Совьон обернулась: старик встал на нетвердые ноги и, покачиваясь, сделал несколько шагов. Он распахнул глаза, светло-серые, в венчике лопнувших сосудов.
– Ты чего, дружище?
Пьяница разинул рот, нетрезво выпучившись на Совьон.
– Ве-едьма, – сипло вытянул он, показывая узловатым пальцем. – Ведьма!
– Замолчи, Анги! – грозно выкрикнула хозяйка, поправляя передник. – Надрался, так веди себя пристойно. А то велю Бармо дать тебе по зубам!
Но Анги уже растерял весь свой пыл и, захрапев, стек на пол. Бармо, оттолкнувшись от стола, подхватил его под мышки и усадил на бочку у стены.
– Ай-яй-я, как дурно вышло, – запричитала хозяйка. – Ты только не обижайся, славная госпожа. Анги – знатный пьяница. Он как увидит женщину, хоть чем-то отличающуюся от других в Варовом Вале, так сразу ведьмой кличет. Вот у Дагрима, одного из наших дозорных, есть рабынечка – желтая, словно масло, худенькая, с глазами как щелочки.
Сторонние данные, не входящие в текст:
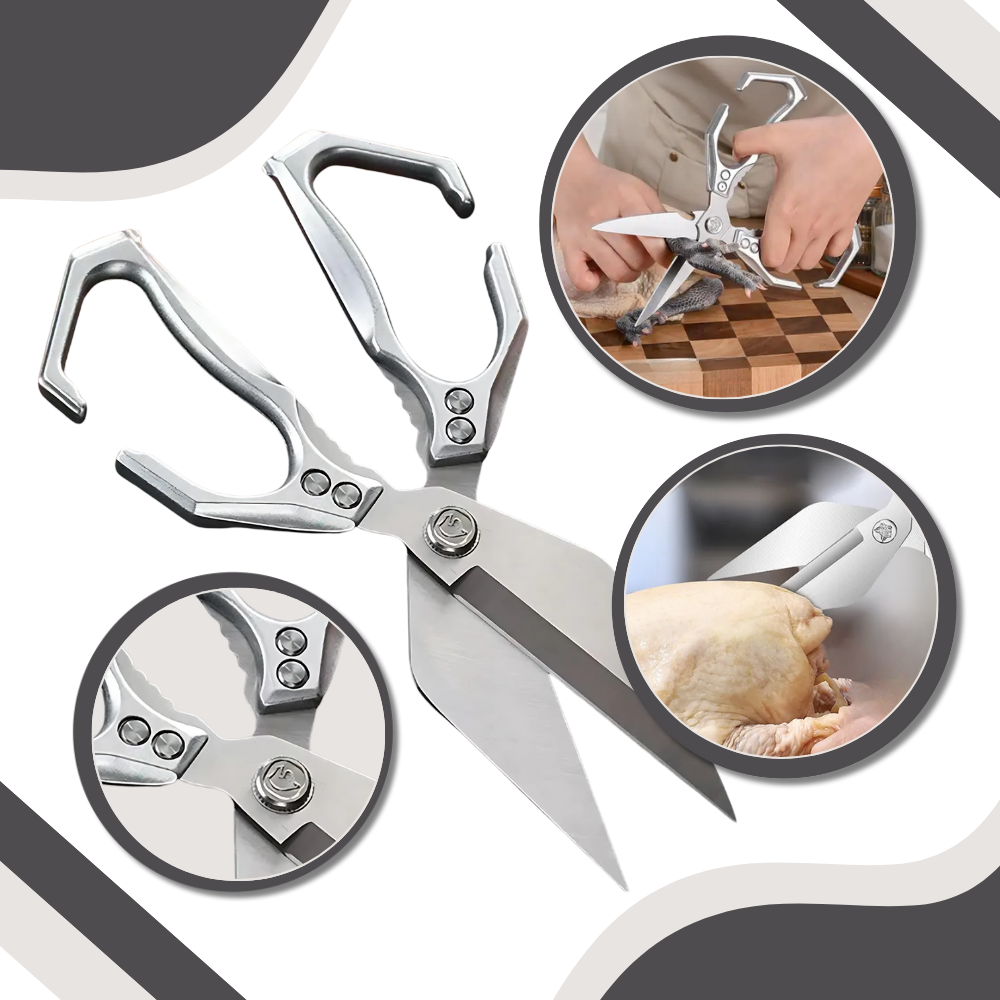 Razor Sharp Kitchen Shear - Ozerty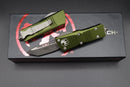 Microtech Troodon Mini Tanto & OD Green 240-10APOD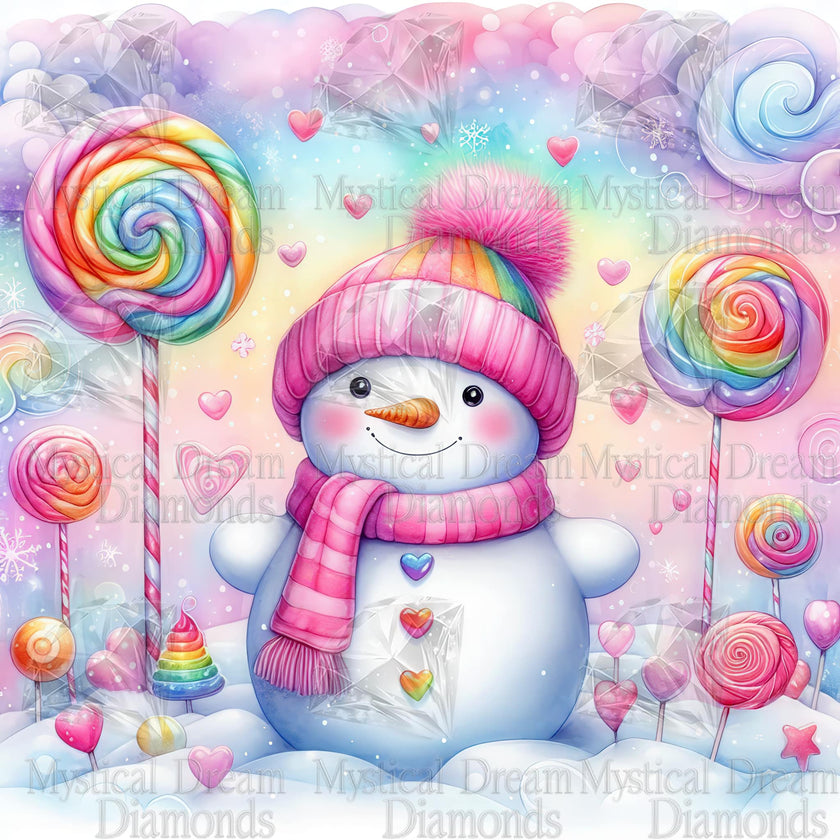 Snowgirl by Cocomarshmallow Art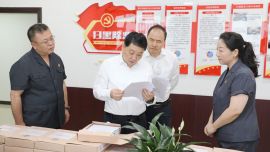 周继军在调研深化扫黑除恶专项斗争工作时强调 聚焦重点直面问题 雷霆出击重拳整治 更好保障人民安居乐业社会安定有序
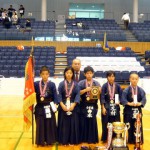 小学生の部 優勝 小曽根剣友会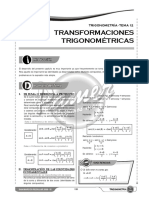 T S12 Transformaciones Trigonométricas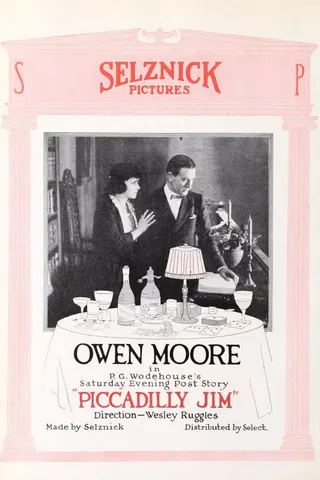Görsel: TMDB Piccadilly Jim afişi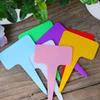100PCS Thickened Stake Tags Moisture-proof Markers Label Plastic Writing Plate  Seedlings Tray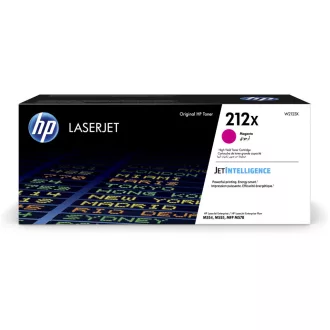 HP W2123X Toner Magenta 10.000 oldal kapacitás No.212X – Tonerklinika Debrecen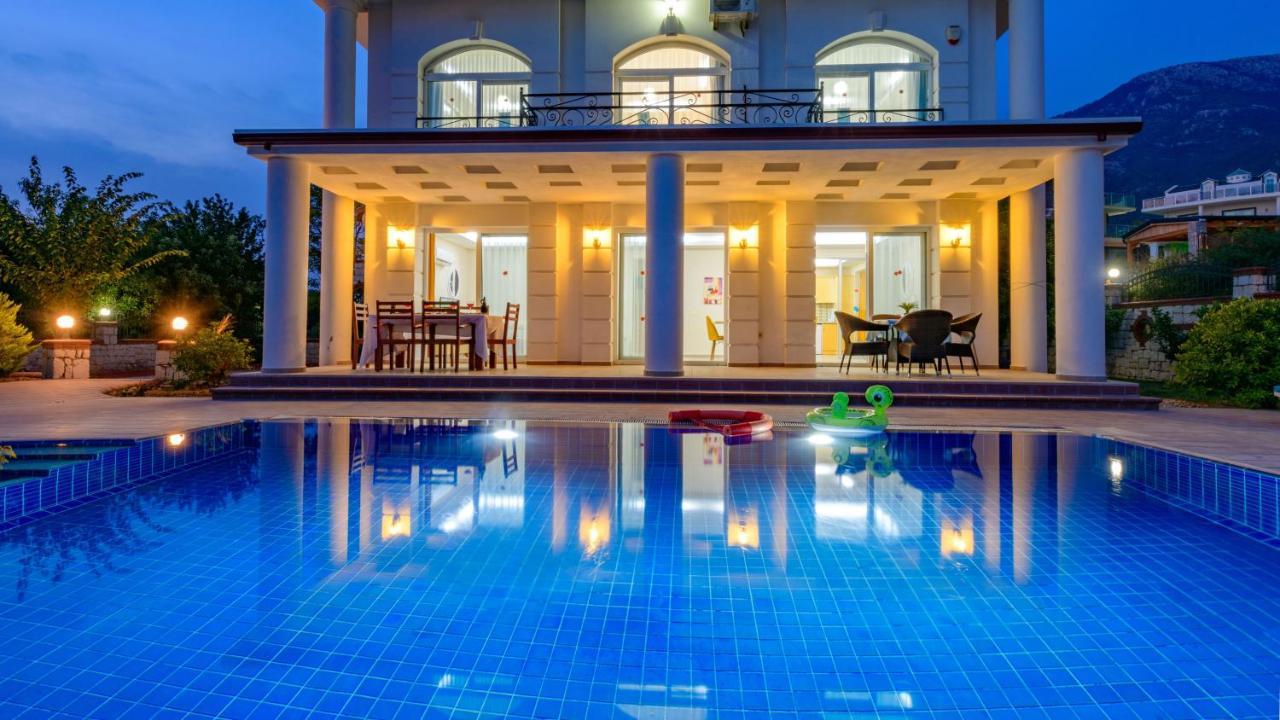 Musa - 5 Bedroom Holiday Villa In Hisaronu Fethiye Zewnętrze zdjęcie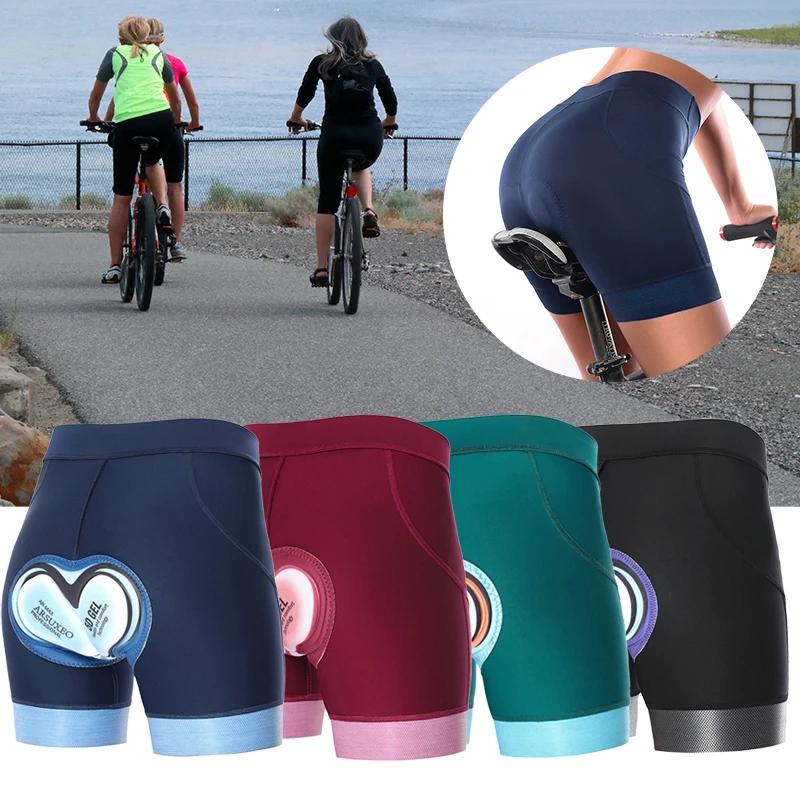 Nouveau short de cyclisme femmes collants de vélo sous-vêtements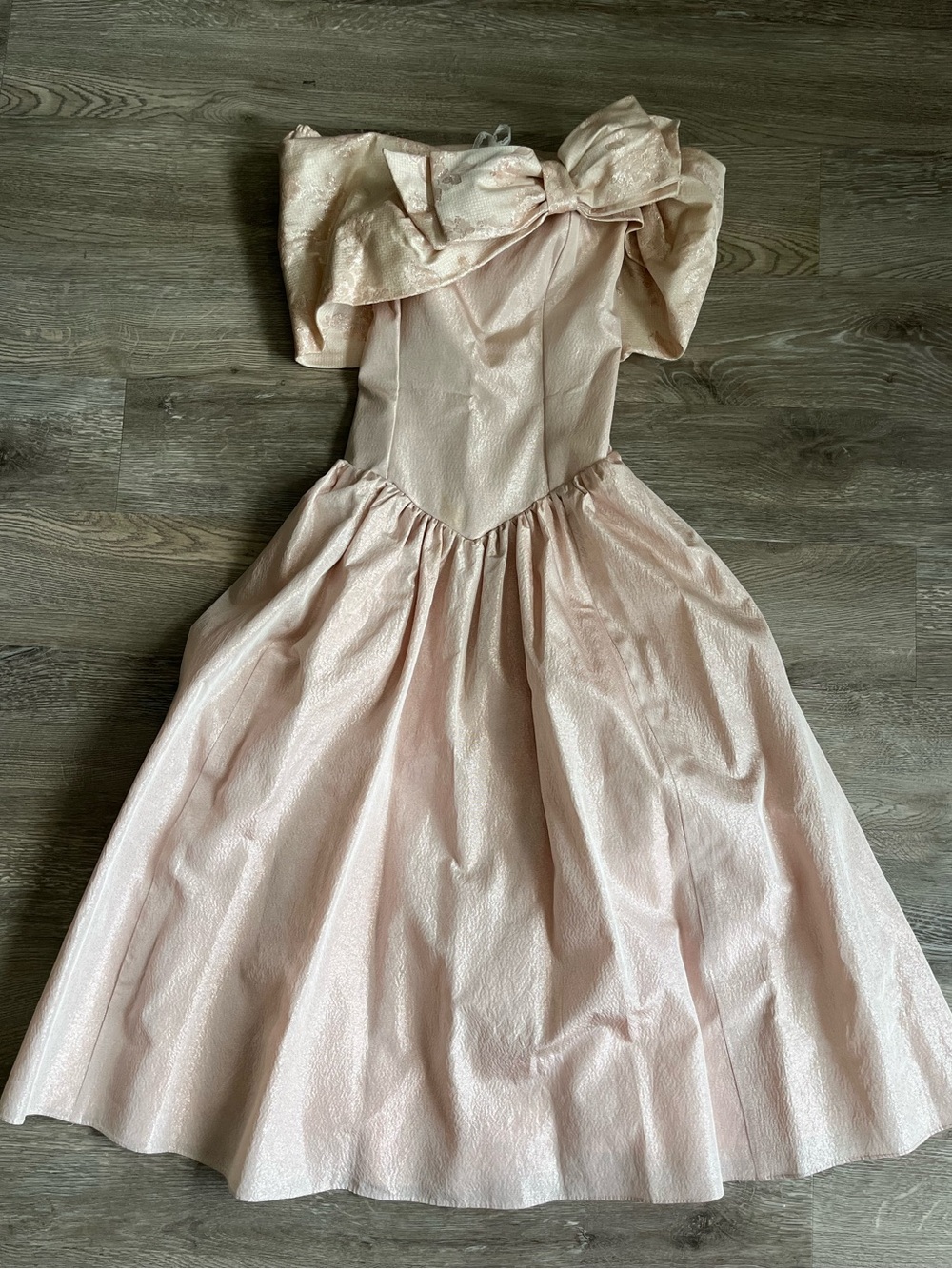 Vintage Positively Ellyn Formal Dress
Так Анги, впервые ее встретив, заголосил, будто умалишенный. Кричал, что повесить ее надо, бедную рабынечку…
Лицо Совьон не дрогнуло.
– Пускай.
– Верно, – разулыбалась хозяйка. – Кушай, славная госпожа. Хорошо, что ты не обиделась. А то надо ж, в моем доме – и кликать ведьмой честную гостью!..
Видать, серебро Совьон пришлось ей по вкусу.
Яхонты в косах I
Кригга опустилась на колени перед самодельным алтарем. От медной курильницы поднимался прозрачный, до невозможного терпкий пар, скользящий в приглушенном желтом свете. Кригга потянула бусы, тугую гранатовую нить, – ей стало нечем дышать. Чертог был маленький, задрапированный тяжелыми тканями; казалось, Криггу душил даже собственный платок – турмалиново-розовый и легкий, как сотканный воздух. Кригга оглядела самодельный алтарь, сощурилась в полумраке. Глубоко и часто дыша, она смотрела на вытесанный из минерала столик и деревянный лик Ражвецы, горской богини-матери, который отыскала в одном из бессчетных сундуков Сармата-змея. Кригга украсила алтарь каменными цветами и фруктами, потому что у нее не было живых, зажгла лампадку – и замерла.
– Мати, – сказала она тихо, – мати Ражвеца, выслушай меня.
Кригга думала, что за время, проведенное в Матерь-горе, повзрослела по меньшей мере на десяток лет. Ей больше не хотелось бояться и плакать и не хотелось выпрашивать себе лучшую долю у кленового лица, пропитанного для сохранности льняным маслом.
– Мати, – слова спорхнули с губ. – Похоже, будет война.
Любопытно, сколько женщин, живших задолго до нее, так же молились, чувствуя приближение беды? Неважно, из каких они вышли родов и перед какими алтарями сидели на коленях, – Кригга ощущала родство со всеми дочерями, сестрами и женами этого мира.